In recent years, much needed attention has finally been given to the horrific epidemic of bullying in our nation’s schools. Previously, the phenomenon of bullying in schools and colleges was relegated to the subject of jokes or parody. The message sent by Hollywood films such as Revenge of the Nerds was, in sum and substance, “get over it”. For decades, victimization by bulling was accepted as an unavoidable rite of passage for children and adolescents who were too “brainy”, “effeminate”, “shy” or otherwise didn’t “fit in”.
Particularly during the past five years, new advocacy groups have emerged that draw attention to the pervasiveness of the bullying epidemic, and the serious emotional and physical harm suffered by victims of bullying. One such group is the National Child Traumatic Stress Network (NCTSN), which offers extensive information on its website.
While there has been much public discussion of bullying in America’s schools, far less attention has been given to the pervasiveness of bullying in the workplace. However, some courts are taking note that workplace bullying can give rise to actionable legal causes of action that are distinct from traditional discrimination claims. In 2008, in the case Raess v. Doescher, the Supreme Court of Indiana determined that workplace bullying was “entirely appropriate” for the jury to consider in evaluating the plaintiff-employee’s workplace lawsuit because bullying could be “a form of intentional infliction of emotional distress” – a well-recognized tort.
The Indiana Supreme Court’s holding in the Raess case of particular importance because many courts have been reluctant to permit bullying lawsuits to proceed unless the conduct is tied to sexual harassment or other form of class-protected discrimination (i.e., hostile work environment based on ethnicity, race, disability, or other protected status). The emergence of bullying, as a ground for liability separate and independent of statutorily-prohibited discrimination, is essential to the protection of the health of American workers.
Suffolk University Professor David C. Yamada, of the Workplace Bullying Institute has been a particularly active and effective voice in promoting the implementation of workplace protections against bullying. Professor Yamada’s article, The Phenomenon of “Workplace Bullying” and the Need for Status Blind Hostile Work Environment Protection, Georgetown Law Journal, March 2000, Vol. 88, No. 3, is the seminal work on the topic of the inadequacy of employment law in addressing bullying. In particular, Professor Yamada cogently and convincingly argues that neither traditional tort remedies (intentional infliction of emotional distress) nor anti-discrimination statutes, provide protection for the vast majority of bullied employees. Tort remedies do not suffice because of the unrealistically high legal threshold for proving a claim of intentional infliction of emotional distress. Quite simply, the tort standard does not reflect the particular vulnerability of a bullied employee. Civil rights remedies are oftentimes inapplicable because bullying often takes place in contexts that do not implicate protected status. As a solution, Yamada advocates for implementation of Health Workplace Bills. Unfortunately, despite legislative efforts, New York has not yet enacted a version of that legislation.

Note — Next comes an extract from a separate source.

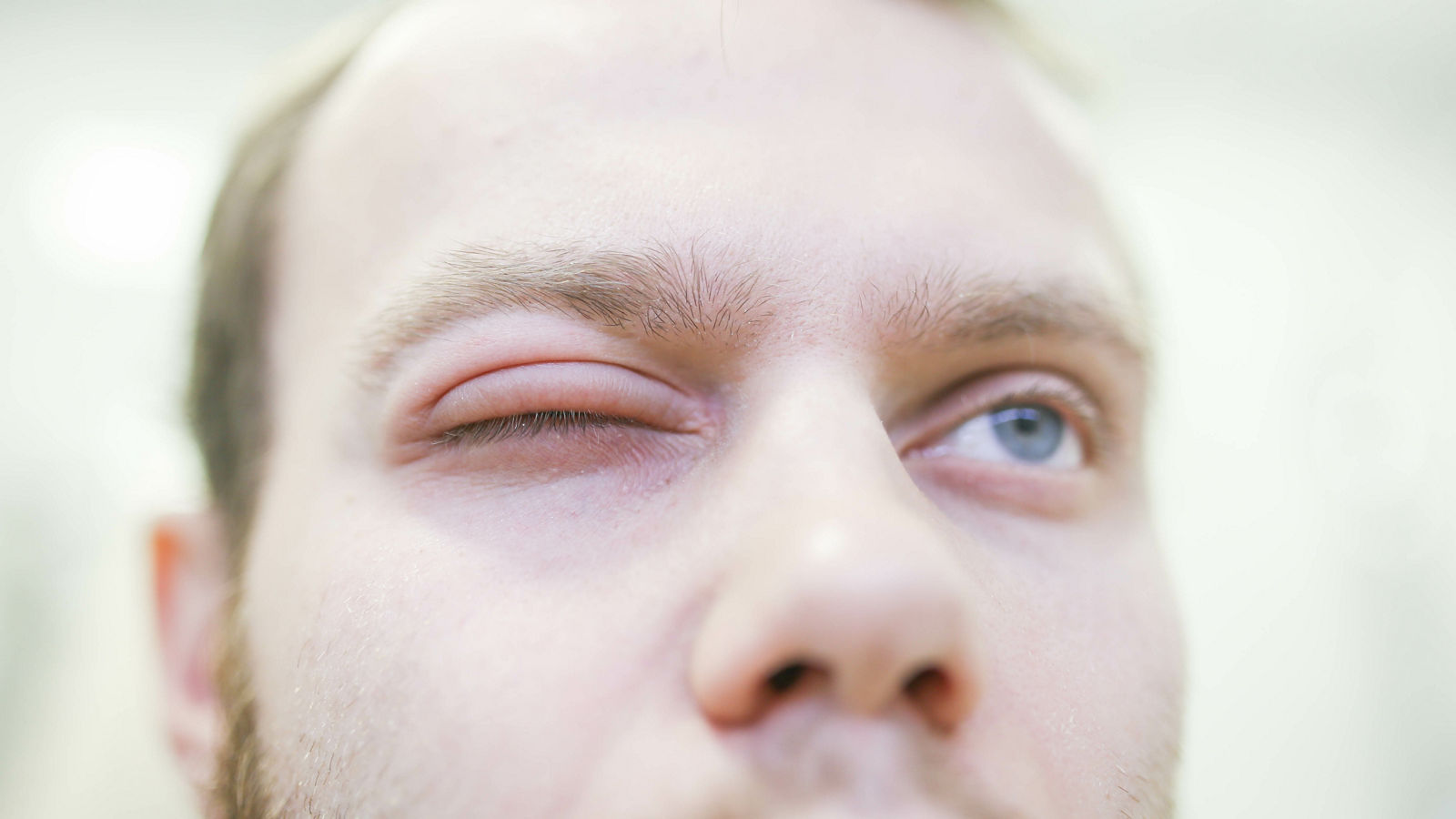 Allergic reaction to the eye of a young man. Angioedema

With the increasing attention given to bullying by the media, it is hoped that New York will enact workplace protections to protect employees from the tragedy, trauma and emotional injuries occasioned by bullying in the workplace. In the meantime, New York employment lawyers, such as the attorneys at Rapaport Law Firm, forge new ground with creative utilization of existing tort and civil rights laws to protect the rights of bullied employees in New York.